Here's an interesting discussion that veers off into this theme.
Also, Marissa Mayer from Google said they were deprecating inbound links from irrelevant originating pages (in a link dev forum at SES SJ 2003). That is, the inbound still has some power, just not as much.
| 6:26 am on Mar 16, 2005 (gmt 0)|
It still doesn't make much sense to me. I must really be missing something. If that's the case then "general" sites would have low link popularity and low PR.
Take Slashdot for example. Out of the gazillions of sites that link to Slashdot, how many do you think are "technology news" sites? Maybe 1% or less? If you removed the other 99% would slashdot still have massive link popularity and be a PR9 site?

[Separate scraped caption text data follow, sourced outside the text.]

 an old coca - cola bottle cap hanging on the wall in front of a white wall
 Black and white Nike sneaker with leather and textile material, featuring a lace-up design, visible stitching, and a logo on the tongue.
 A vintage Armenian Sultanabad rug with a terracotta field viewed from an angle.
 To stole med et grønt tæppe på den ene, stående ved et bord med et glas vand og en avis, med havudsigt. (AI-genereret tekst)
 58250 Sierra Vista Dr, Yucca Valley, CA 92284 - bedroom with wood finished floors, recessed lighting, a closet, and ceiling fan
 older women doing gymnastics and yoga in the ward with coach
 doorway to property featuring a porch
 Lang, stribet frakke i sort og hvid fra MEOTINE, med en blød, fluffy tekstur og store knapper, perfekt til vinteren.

I can think of millions of examples ...
And back to my site which is also a "general" site. 99% of people in the US have the potential to be interested in our service, and any site on the web could/would logically link to us if they liked our site. How is G going to fairly treat our incoming links when literally any link to our site is a "quality" link? Are they only going to give weight to links to our site from other sites that are dedicated solely to "cool free services"?
| 7:05 am on Mar 16, 2005 (gmt 0)|
a lot of this depends on just what the search engine uses from a page to give semantic vector values to the hyperlink itself, what semantic parts of the linking page are associated with the hyperlink itself. In one paper I read I think it was 50 bytes before and after the hyperlink itself, without actual reference to anchor text. 50 bytes is a pretty good approximation for long anchor text. Of course, the search engines could use 75 bytes or 100 or only 25. If the anchor text was only 15 bytes then 35 more bytes of text could be read. Also, if the anchor text leads, and there was a link above your link to a totally unrelated site, then some of that above link's anchor and/or descriptive text could be associated with your link. How would the addition of these other components dilute the link? Well, if in the past 100% of the semantic value came from 50 characters before and after the link itself, then you would get a vector value for each of these terms, and for term combinations that exist in this string. If Title and H1 headings are thrown into the fray, it could be that these would simply be additional component vectors, which could give added weight on additional terms that might be found there, and the original vector components would remain intact, they would be diluted by the increase in the additonal componet vectors.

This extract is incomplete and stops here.